### [Task prompt]
Give the lines below again exactly, starting with the line that holds "Riesige Menschenmenge wie" and going on through the line that holds "عنوان المكتب سايدين".

### [Data provided]
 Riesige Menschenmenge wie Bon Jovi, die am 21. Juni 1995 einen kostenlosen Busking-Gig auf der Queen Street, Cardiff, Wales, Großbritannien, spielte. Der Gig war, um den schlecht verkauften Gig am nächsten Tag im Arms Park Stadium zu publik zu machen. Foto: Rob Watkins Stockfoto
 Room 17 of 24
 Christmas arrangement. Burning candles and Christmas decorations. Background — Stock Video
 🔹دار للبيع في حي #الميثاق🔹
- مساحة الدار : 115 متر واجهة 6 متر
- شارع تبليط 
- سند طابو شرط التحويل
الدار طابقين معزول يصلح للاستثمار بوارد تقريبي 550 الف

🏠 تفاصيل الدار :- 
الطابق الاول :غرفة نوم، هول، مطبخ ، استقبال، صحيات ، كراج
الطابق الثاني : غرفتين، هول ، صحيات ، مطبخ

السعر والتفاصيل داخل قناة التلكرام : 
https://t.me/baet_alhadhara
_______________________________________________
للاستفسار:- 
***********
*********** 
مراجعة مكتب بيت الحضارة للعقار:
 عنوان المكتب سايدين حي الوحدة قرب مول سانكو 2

...

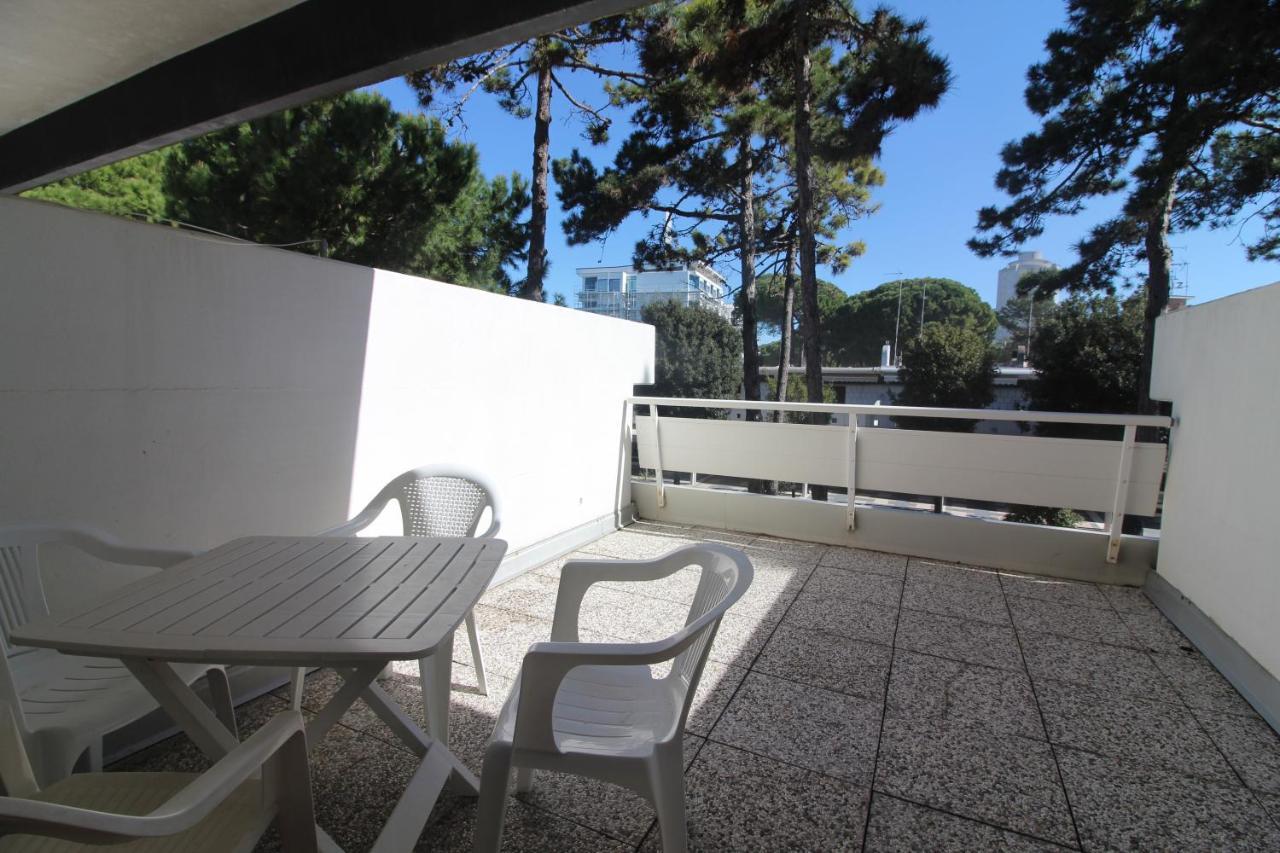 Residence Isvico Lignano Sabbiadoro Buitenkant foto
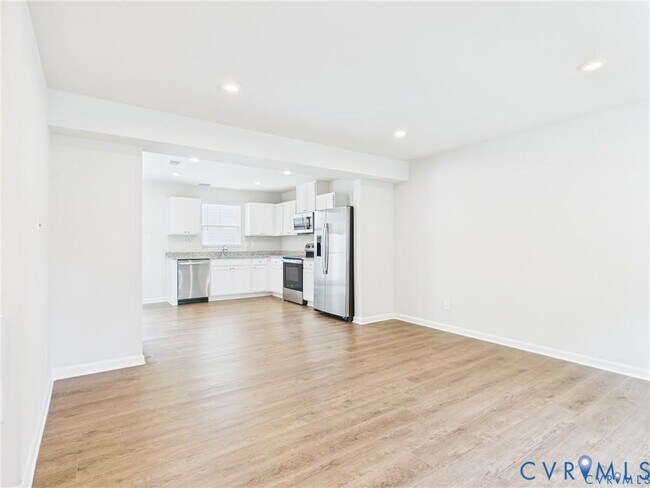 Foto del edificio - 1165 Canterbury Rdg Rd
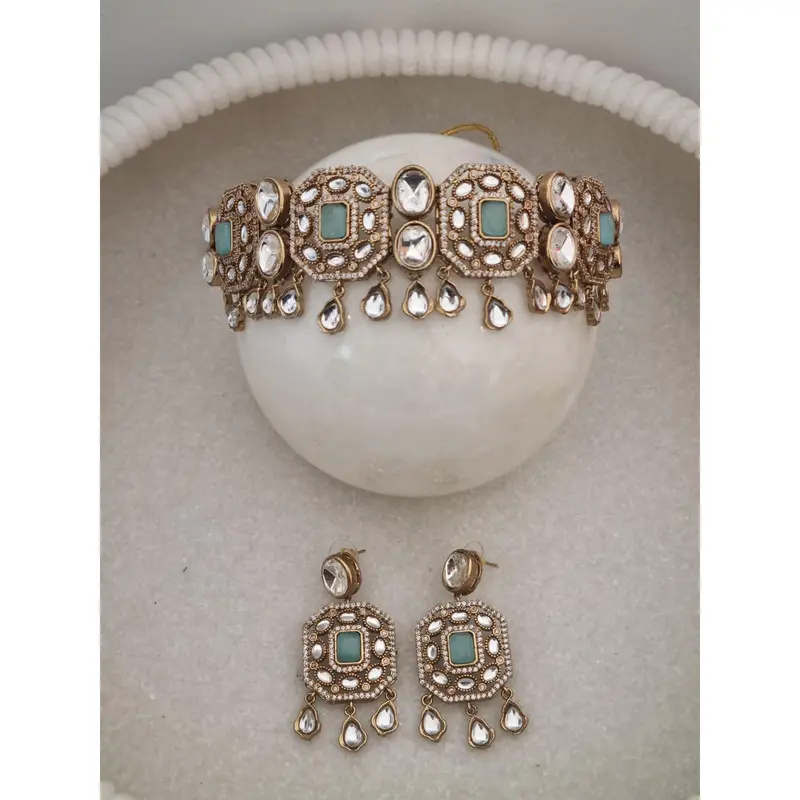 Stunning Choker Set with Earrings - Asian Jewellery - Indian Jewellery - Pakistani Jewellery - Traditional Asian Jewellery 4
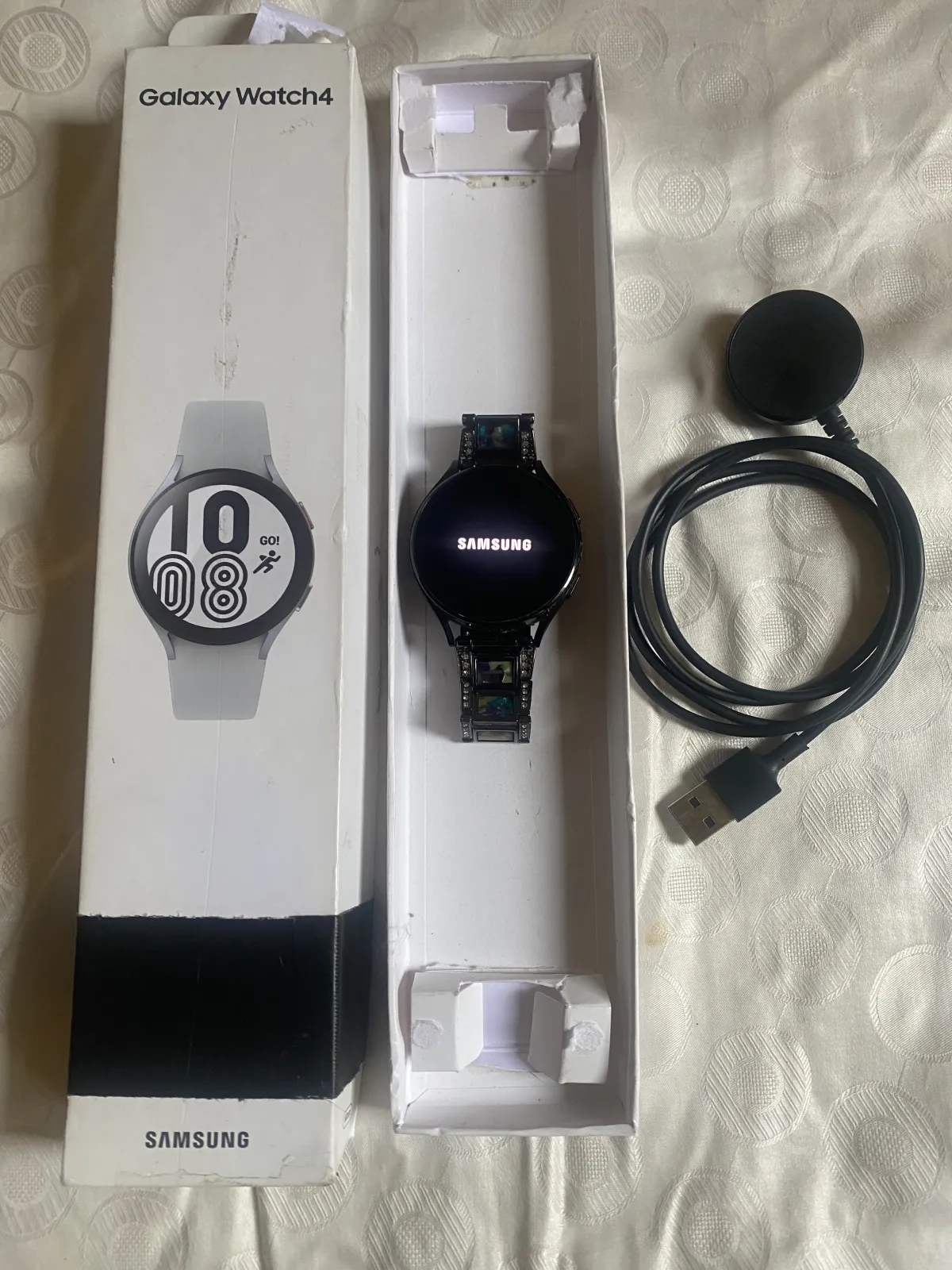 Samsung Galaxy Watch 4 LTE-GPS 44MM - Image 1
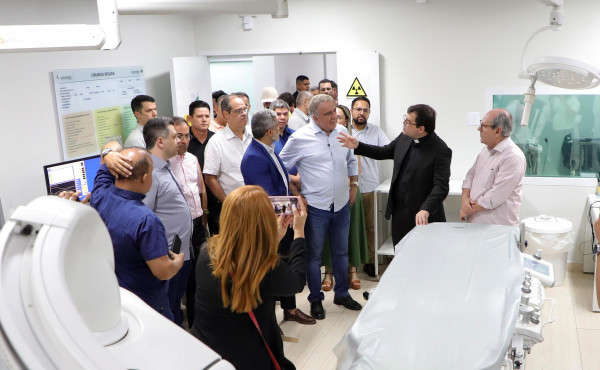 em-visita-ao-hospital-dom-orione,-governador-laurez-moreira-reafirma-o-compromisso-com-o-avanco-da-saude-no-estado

### [Output of the exercise]
 Riesige Menschenmenge wie Bon Jovi, die am 21. Juni 1995 einen kostenlosen Busking-Gig auf der Queen Street, Cardiff, Wales, Großbritannien, spielte. Der Gig war, um den schlecht verkauften Gig am nächsten Tag im Arms Park Stadium zu publik zu machen. Foto: Rob Watkins Stockfoto
 Room 17 of 24
 Christmas arrangement. Burning candles and Christmas decorations. Background — Stock Video
 🔹دار للبيع في حي #الميثاق🔹
- مساحة الدار : 115 متر واجهة 6 متر
- شارع تبليط 
- سند طابو شرط التحويل
الدار طابقين معزول يصلح للاستثمار بوارد تقريبي 550 الف

🏠 تفاصيل الدار :- 
الطابق الاول :غرفة نوم، هول، مطبخ ، استقبال، صحيات ، كراج
الطابق الثاني : غرفتين، هول ، صحيات ، مطبخ

السعر والتفاصيل داخل قناة التلكرام : 
https://t.me/baet_alhadhara
_______________________________________________
للاستفسار:- 
***********
*********** 
مراجعة مكتب بيت الحضارة للعقار:
 عنوان المكتب سايدين حي الوحدة قرب مول سانكو 2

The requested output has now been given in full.